Dick Dedrick spent nearly his entire life in Colorado, where he was known for long, productive endeavors in many creative fields, including broadcasting and advertising, but his greatest achievements were as a husband, father, grandfather and great-grandfather. He was a beloved friend, family member and media personality who loved laughter, movies and music.
Born on Dec. 18, 1935, in Denver, Colorado, Dick was adopted at the Denver Orphans’ Home by Roy and Mildred (Overmiller) Dedrick, who raised their only child in Yuma, Colorado. After graduating from Yuma High School, Dick attended the Colorado State College of Education at Greeley (now University of Northern Colorado) with plans of becoming a teacher, like his mother.
Instead, his career in radio took root while in college in Greeley, and led to announcing and production jobs in Denver radio, including KLAK-AM, beginning in the late 1950s. Dick’s broadcasting career was interrupted when he was drafted, serving honorably in the U.S. Army for two years. He and his first wife, Susanne (Warner) Dedrick, were based in El Paso, Texas, during this time, returning home to Denver after his discharge.
Dick and Sue raised two sons, Jay and Kyle, in the Denver area while Dick advanced in his career, which transitioned from radio to television. As a producer, director and writer, he contributed to many programs at KWGN-TV (Channel 2) in the 1960s and 1970s, including the nightly 9 O’Clock News and such children’s programming as “Romper Room” and “Blinky the Clown.” A creative force in any setting, Dick followed his time in local TV with a productive stint at Glen Owen Advertising, where he led audio and video productions for the agency and showcased his commercial jingle-writing and -performing talents.
Dick returned to his radio roots by founding Yuma’s first station, KJCO-FM, in 1978, where he served as co-owner and station manager for over a decade. In the ‘80s and ‘90s, he taught broadcast news in Denver and worked as a freelance radio and TV producer. A gifted filmmaker and videographer, he went on to produce wedding videos throughout the Denver area and traveled across the country for freelance video projects before retiring in the early 2000s.
A movie buff, Dick for many years made a hobby of traveling around the state with his self-built Little Nickelodeon, a tent theater where audiences at shopping malls and county fairs could watch silent films on a silver screen. Dick also was passionate about music, having performed live in rock and country bands as a young man. He was a singer, songwriter and musician who produced recordings of himself and others throughout his life.
In retirement, he never stopped creating, writing novels and producing nostalgic video and audio programs for entertainment and education.
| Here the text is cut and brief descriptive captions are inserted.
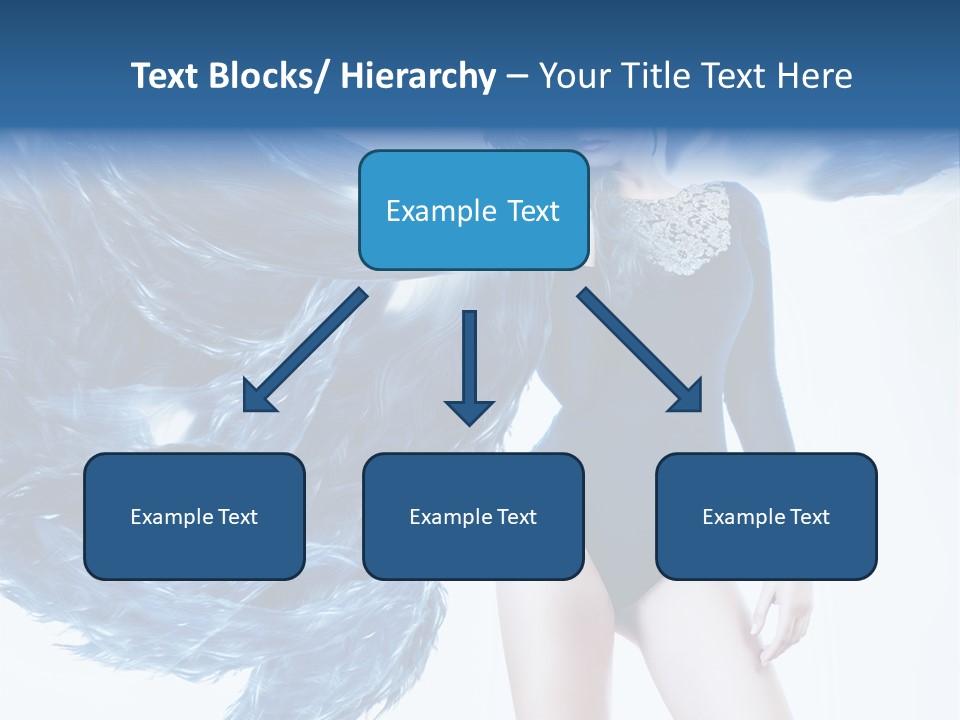 Head White Dust PowerPoint Template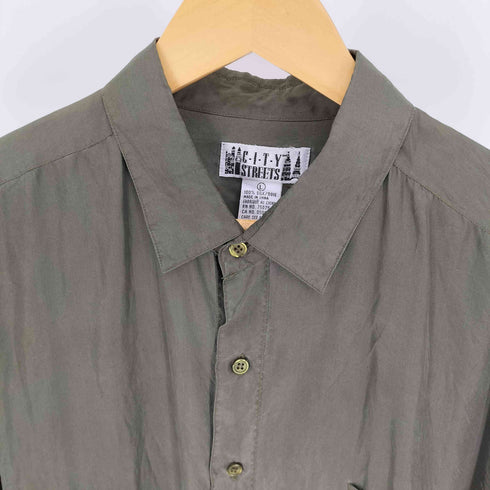 90-00S CITY STREETS シルク L/S シャツ メンズ import:L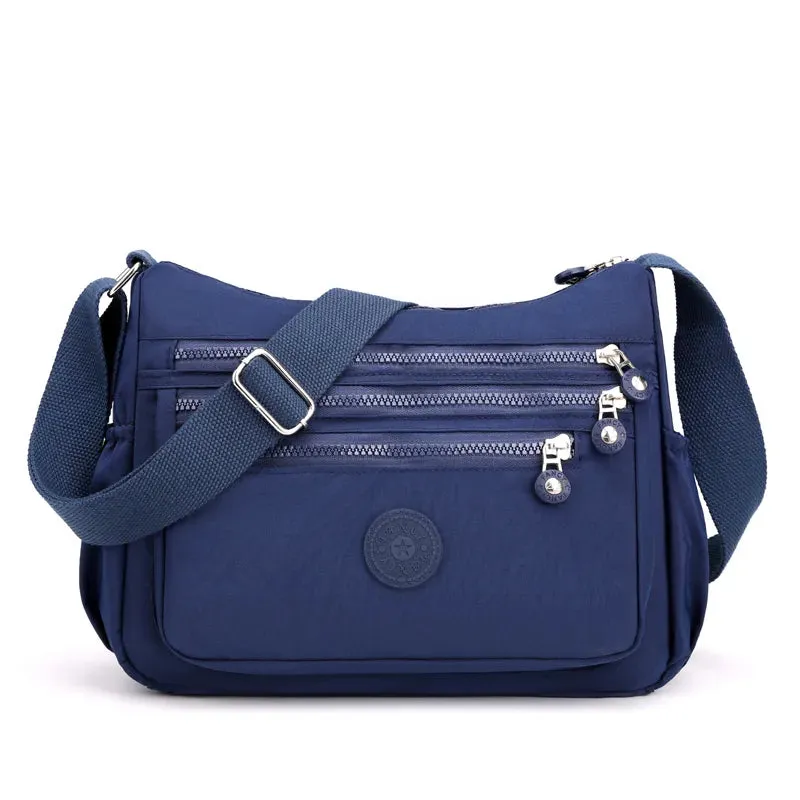 Contemporary Water-Resistant Crossbody Bag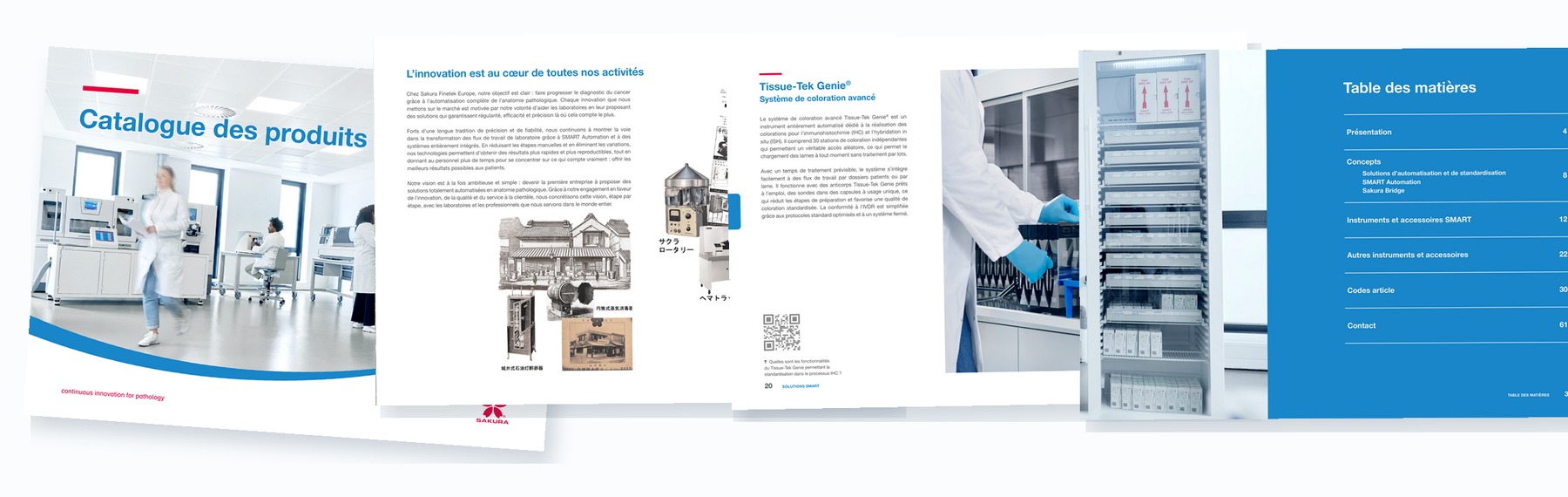 Product catalogue banner FR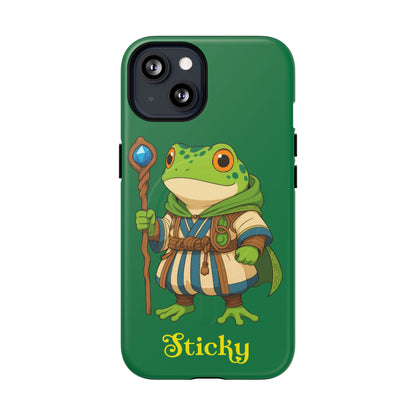 Sticky (iphone 17 and 13) Tough Magnetic Phone Case – "Sticky" Fantasy Mage Design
He was at work on another book at the time of his death.
Dick said his greatest joy in life came after he married Bobbe (Neal) in 1992 and began a journey together as grandparents – first to the children of Bobbe’s daughter Kim (Gillen) Muller, and of son Richard Gillen; and later to the children of Dick’s sons Kyle and Jay.
Dick is survived by his wife, Bobbe, of Denver, Colorado; sons Jay (Melissa) of Broomfield, Colorado, and Kyle (Kathy) of Springfield, Virginia; stepdaughter Kim (Kevin) of Centennial, Colorado; stepson Richard of Denver, Colorado; 10 grandchildren and one great-grandchild.
Cremation has taken place, with interment to take place at Fort Logan National Cemetery in Denver. A celebration of life with Dick’s family and friends is planned for the spring; details will be announced at a later date.